When changing the parameters in the custom algorithm tab, ensure consistency by updating all relevant fields! For example, do not change the File_ending without uploading another Centrality file!

Purpose of the Custom algorithms:

• Integrate splicing data or data with similar properties with other omics measurements.
• Run MONET using another algorithm such as (R1 or K1) without waiting for the computation of all centralities.
• Provide a different background for the pathway over-representation analysis.
• Provide a different signaling pathways knowledge database for the pathway over-representation analysis.
• Instead of highlighting the kinases in the summary report, you can leverage the algorithm and replace the Kinome database with one containing elements you wish to search and highlight. For instance, you can search for important phosphatases by providing a phosphatase database structured similarly to the Kinome database.
• Modify the centrality file used for generating the circular diagram plot to emphasize different hits.

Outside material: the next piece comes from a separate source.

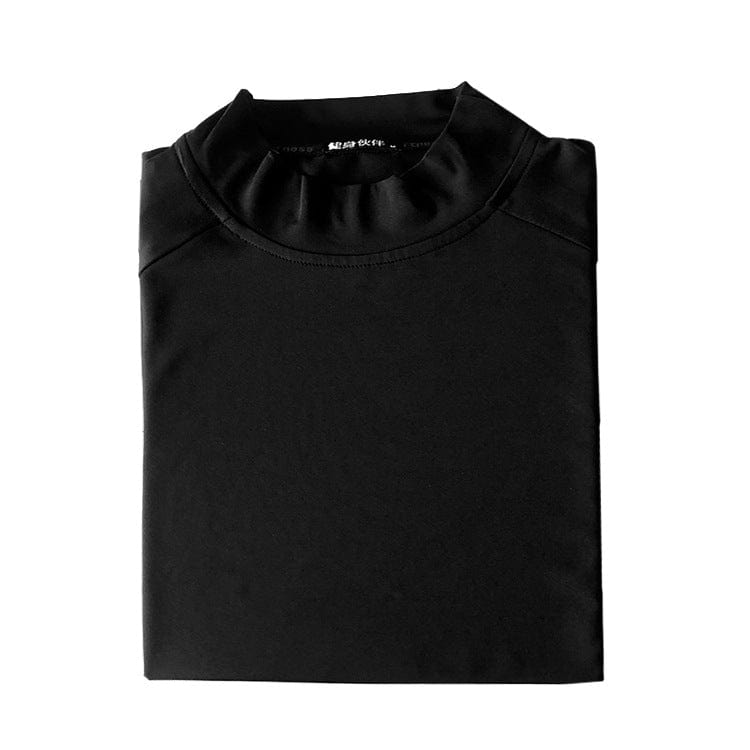 Men's Power Long Sleeve - ALLRJ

NOODAI relies mainly on protein-protein and small molecules interaction networks. Certain omics data, such as transcriptomics, can be utilized to construct such a network. However, some omics measurements are not inherently linked to proteins/small molecules, rendering a protein-protein interaction network purposeless (such as miRNAs). These should be mapped to either a ChEBI ID or UniProt ID.

Small molecule interactions are taken from IntAct. If you want other interaction source you should provide them as a custom made “Interaction File”.

If you analyze other species that the pre-loaded ones you must provide all databases files and you can use the platform only for protein-protein interaction networks (due to ID conversion restrictions from BiomaRt).

How to cite
Totu, Tiberiu; Riudavets Puig, Rafael; Häuser, Lukas Jonathan; Tomasoni, Mattia; Bolck, Hella Anna; Buljan, Marija.
NOODAI: A webserver for network-oriented multi-omics data analysis and integration pipeline.
https://doi.org/10.1101/2024.11.08.622488

NOODAI version 2.0.0 relies on STRING v11.5, BioGRID v4.4.218, IntAct v245, Ensembl BioMart v114 and Reactome v90. Alternative knowledge databases can be provided by the user.